§ Exercise directions: Print the records below exactly; all of them are needed.

+++ Data

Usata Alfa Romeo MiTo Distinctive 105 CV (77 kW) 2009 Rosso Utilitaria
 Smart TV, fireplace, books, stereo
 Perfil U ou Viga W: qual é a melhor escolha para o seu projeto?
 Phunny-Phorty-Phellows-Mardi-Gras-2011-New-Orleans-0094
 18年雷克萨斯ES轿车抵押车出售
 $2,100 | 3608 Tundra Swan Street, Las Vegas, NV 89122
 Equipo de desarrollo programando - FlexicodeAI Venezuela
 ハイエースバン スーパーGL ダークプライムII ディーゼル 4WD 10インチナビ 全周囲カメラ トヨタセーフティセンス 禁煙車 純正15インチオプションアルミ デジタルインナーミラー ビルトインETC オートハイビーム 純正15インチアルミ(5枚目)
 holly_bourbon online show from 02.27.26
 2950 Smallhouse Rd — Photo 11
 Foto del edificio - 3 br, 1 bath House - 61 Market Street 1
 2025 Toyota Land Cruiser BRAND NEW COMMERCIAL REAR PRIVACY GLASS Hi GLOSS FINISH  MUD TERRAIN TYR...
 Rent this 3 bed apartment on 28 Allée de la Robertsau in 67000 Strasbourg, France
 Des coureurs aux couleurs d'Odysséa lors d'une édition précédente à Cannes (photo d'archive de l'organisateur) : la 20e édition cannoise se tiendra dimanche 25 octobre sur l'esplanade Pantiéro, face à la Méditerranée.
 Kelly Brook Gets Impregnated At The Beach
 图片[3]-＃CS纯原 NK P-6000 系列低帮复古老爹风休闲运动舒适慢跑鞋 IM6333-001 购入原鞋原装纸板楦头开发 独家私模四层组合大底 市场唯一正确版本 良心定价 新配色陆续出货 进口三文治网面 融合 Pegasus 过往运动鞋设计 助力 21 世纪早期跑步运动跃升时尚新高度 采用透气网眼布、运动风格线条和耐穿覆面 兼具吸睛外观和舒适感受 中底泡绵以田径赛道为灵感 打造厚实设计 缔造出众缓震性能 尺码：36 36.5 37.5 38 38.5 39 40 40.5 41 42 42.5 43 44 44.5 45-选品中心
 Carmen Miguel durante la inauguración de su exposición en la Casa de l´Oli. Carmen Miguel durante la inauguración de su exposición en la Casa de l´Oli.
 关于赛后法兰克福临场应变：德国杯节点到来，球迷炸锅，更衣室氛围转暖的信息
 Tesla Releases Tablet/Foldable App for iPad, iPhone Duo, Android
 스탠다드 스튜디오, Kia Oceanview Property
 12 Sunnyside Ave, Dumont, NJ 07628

++++++

§ Response to the task:
Usata Alfa Romeo MiTo Distinctive 105 CV (77 kW) 2009 Rosso Utilitaria
 Smart TV, fireplace, books, stereo
 Perfil U ou Viga W: qual é a melhor escolha para o seu projeto?
 Phunny-Phorty-Phellows-Mardi-Gras-2011-New-Orleans-0094
 18年雷克萨斯ES轿车抵押车出售
 $2,100 | 3608 Tundra Swan Street, Las Vegas, NV 89122
 Equipo de desarrollo programando - FlexicodeAI Venezuela
 ハイエースバン スーパーGL ダークプライムII ディーゼル 4WD 10インチナビ 全周囲カメラ トヨタセーフティセンス 禁煙車 純正15インチオプションアルミ デジタルインナーミラー ビルトインETC オートハイビーム 純正15インチアルミ(5枚目)
 holly_bourbon online show from 02.27.26
 2950 Smallhouse Rd — Photo 11
 Foto del edificio - 3 br, 1 bath House - 61 Market Street 1
 2025 Toyota Land Cruiser BRAND NEW COMMERCIAL REAR PRIVACY GLASS Hi GLOSS FINISH  MUD TERRAIN TYR...
 Rent this 3 bed apartment on 28 Allée de la Robertsau in 67000 Strasbourg, France
 Des coureurs aux couleurs d'Odysséa lors d'une édition précédente à Cannes (photo d'archive de l'organisateur) : la 20e édition cannoise se tiendra dimanche 25 octobre sur l'esplanade Pantiéro, face à la Méditerranée.
 Kelly Brook Gets Impregnated At The Beach
 图片[3]-＃CS纯原 NK P-6000 系列低帮复古老爹风休闲运动舒适慢跑鞋 IM6333-001 购入原鞋原装纸板楦头开发 独家私模四层组合大底 市场唯一正确版本 良心定价 新配色陆续出货 进口三文治网面 融合 Pegasus 过往运动鞋设计 助力 21 世纪早期跑步运动跃升时尚新高度 采用透气网眼布、运动风格线条和耐穿覆面 兼具吸睛外观和舒适感受 中底泡绵以田径赛道为灵感 打造厚实设计 缔造出众缓震性能 尺码：36 36.5 37.5 38 38.5 39 40 40.5 41 42 42.5 43 44 44.5 45-选品中心
 Carmen Miguel durante la inauguración de su exposición en la Casa de l´Oli. Carmen Miguel durante la inauguración de su exposición en la Casa de l´Oli.
 关于赛后法兰克福临场应变：德国杯节点到来，球迷炸锅，更衣室氛围转暖的信息
 Tesla Releases Tablet/Foldable App for iPad, iPhone Duo, Android
 스탠다드 스튜디오, Kia Oceanview Property
 12 Sunnyside Ave, Dumont, NJ 07628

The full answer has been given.